This page contains a concise overview of projects funded by NLnet foundation that belong to Verticals + Search (see the thematic index). There is more information available on each of the projects listed on this page - all you need to do is click on the title or the link at the bottom of the section on each project to read more. If a description on this page is a bit technical and terse, don't despair — the dedicated page will have a more user-friendly description that should be intelligible for 'normal' people as well. If you cannot find a specific project you are looking for, please check the alphabetic index or just search for it (or search for a specific keyword).

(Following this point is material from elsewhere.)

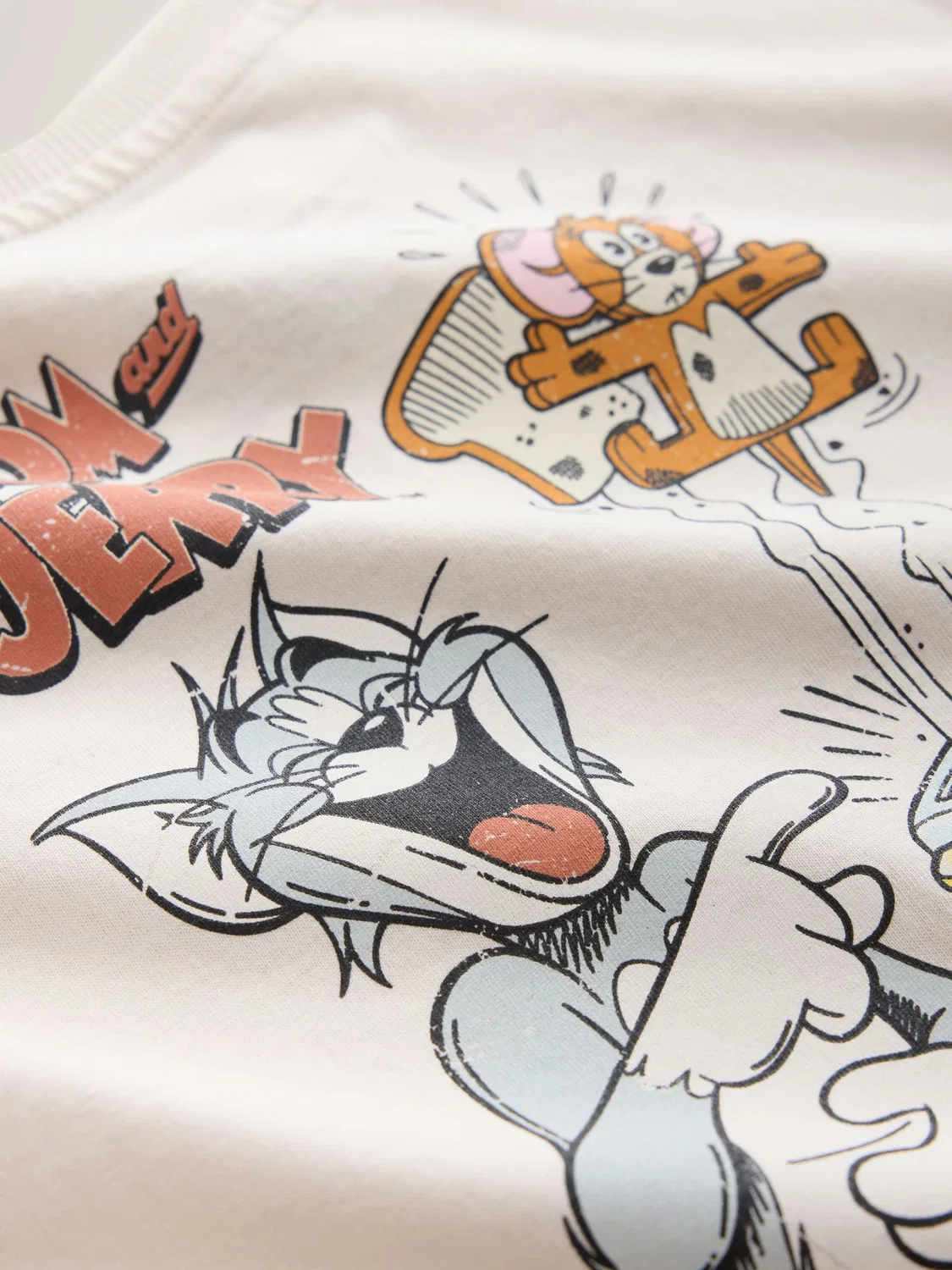 Футболка с принтом Tom and Jerry Next, экрю — фото 3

Extending PeerTube — Adding advanced search capabailities to PeerTube

This project aims to extend PeerTube to support the availability, accessibility, and discoverability of large-scale public media collections on the next generation internet. Although PeerTube is technically capable to support the distribution of large public media collections, the platform currently lacks practical examples and extensive documentation to achieve this in a timely and cost-efficient way. This project will function as a proof-of-concept that will showcase several compelling improvements to the PeerTube software by [1] developing and demonstrating the means needed for this end by migrating a large corpus of open video content, [2] implementing trustworthy open licensing metadata standards for video publication through the PeerTube platform, [3] and emphasizing the importance of accompanying subtitle files by recommending ways to generate them.

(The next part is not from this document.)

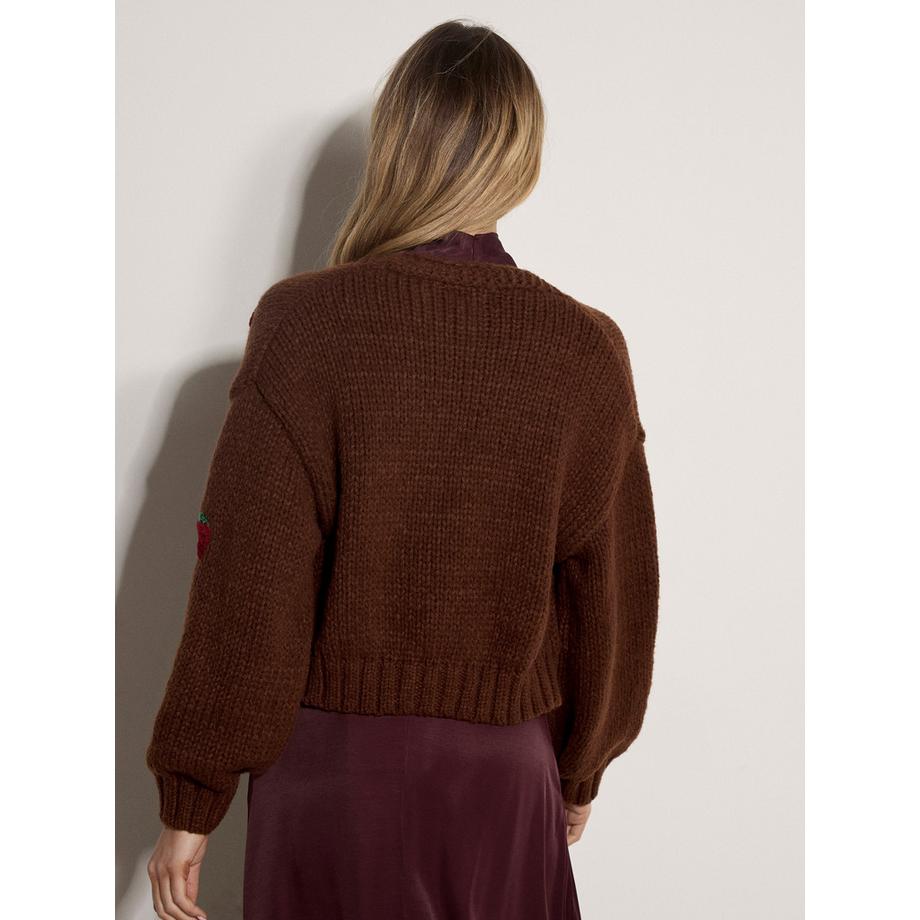 APRICOT Cardigan en maille épaisse à motif fraises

Search and Displace — Find and redact privacy sensitive information

The goal of this project is to establish a workflow and toolchain which can address the problem of mass search and displacement for document content where the original documents are in a range of forms, including a wide variety of digital document formats, both binary and more modern compressed XML forms, and potentially even encompassing older documents where the only surviving form is printed or even handwritten. The term "displacement" is meant to encompass actions taken on the discovered content that are beyond straight replacement, including content tagging and redaction, as well as more complex contextual and user-refined replacement on an iterative basis. It is assumed that this process will be a server application with documents uploaded as needed, on either an individual or bulk upload basis. The solution would be built in a modular fashion so that future deployments could deploy and/or modify only the parts needed. In practical terms this involves the creation of an open source tool chain that facilitates searching for private and confidential content inside documents, for instance attachments to email messages or documents that are to be published on a website. The tool can subsequently be used for the secure and automated redaction of sensitive documents; by building this as a modular solution enables the solution to be used “standalone” with a simple GUI, or used via command line, or embedded within 3rd party systems such as document management systems, content management systems and machine learning systems. In addition a modular approach will facilitate the use of the solution both with different languages (natural and programming) and different specialities e.g. government archives, winning tenders, legal contracts, court documents etc..